◆ **Work required**: Exact reproduction of the data is required, with images excluded.

◆ **Data provided**:
++++++++++

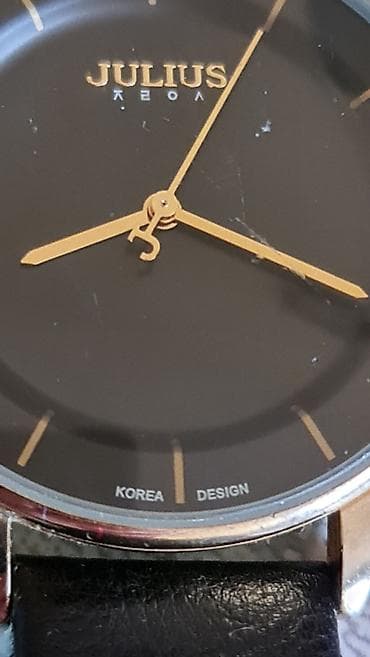 Julius muški ručni sat – minimalistički dizajn - Brend: Julius - at lalafo.rs — 2 Julius muški ručni sat – minimalistički dizajn - Brend: Julius - — 2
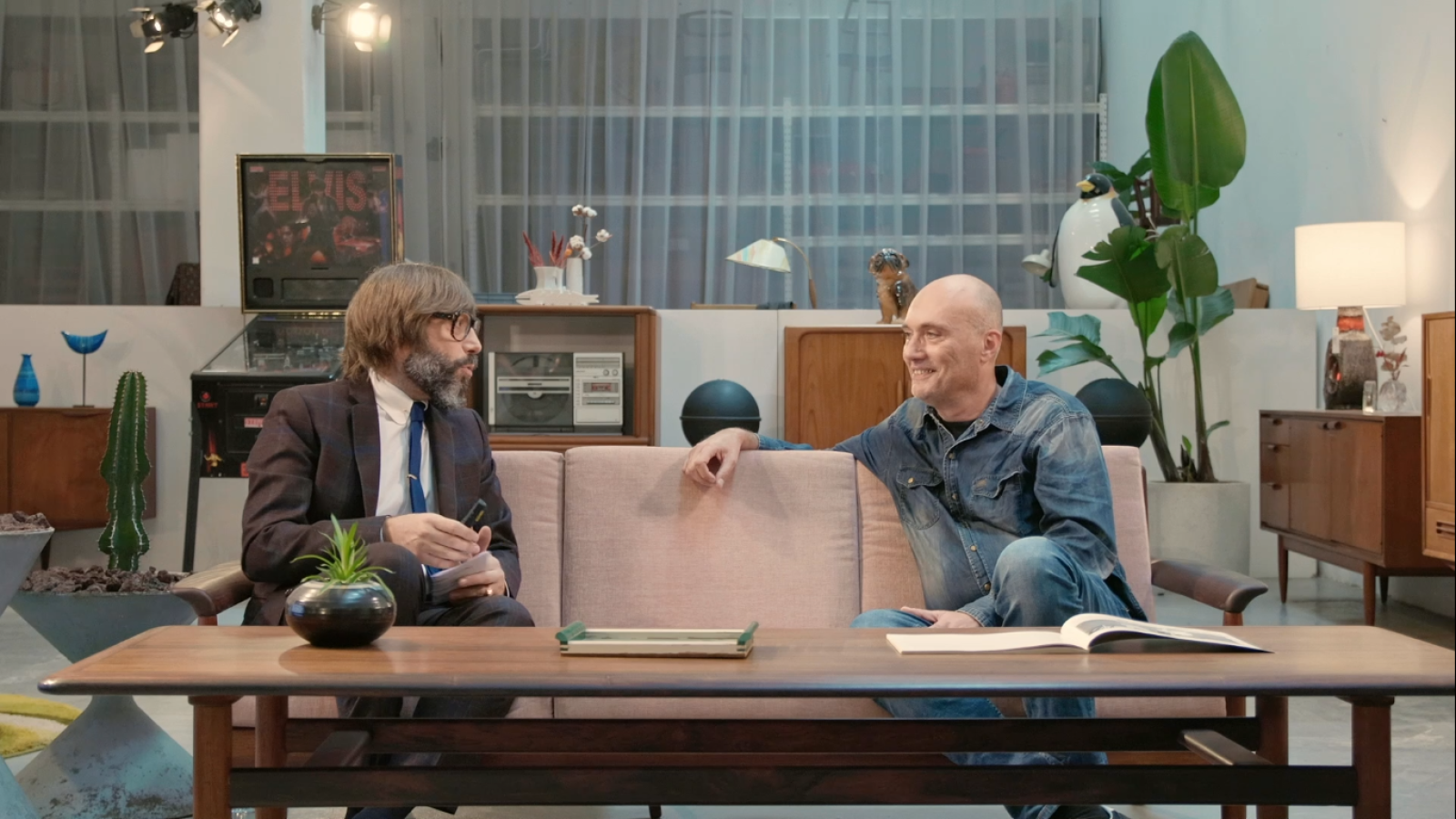 Entrevista a Jaime Serra al capítol 24 d'Helvètica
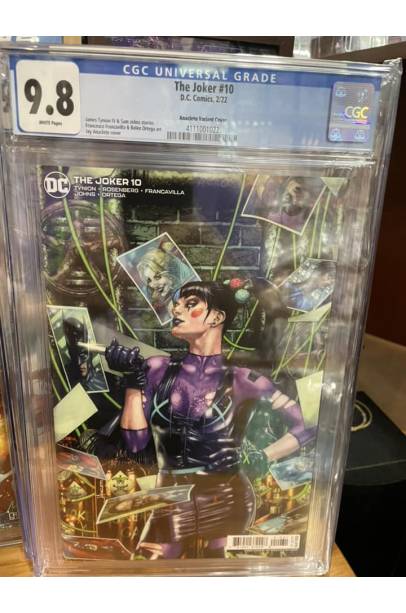 The Joker #10 CGC 9.8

++++++++++

◆ **Written response**:
 Julius muški ručni sat – minimalistički dizajn - Brend: Julius - at lalafo.rs — 2 Julius muški ručni sat – minimalistički dizajn - Brend: Julius - — 2
 Entrevista a Jaime Serra al capítol 24 d'Helvètica
 The Joker #10 CGC 9.8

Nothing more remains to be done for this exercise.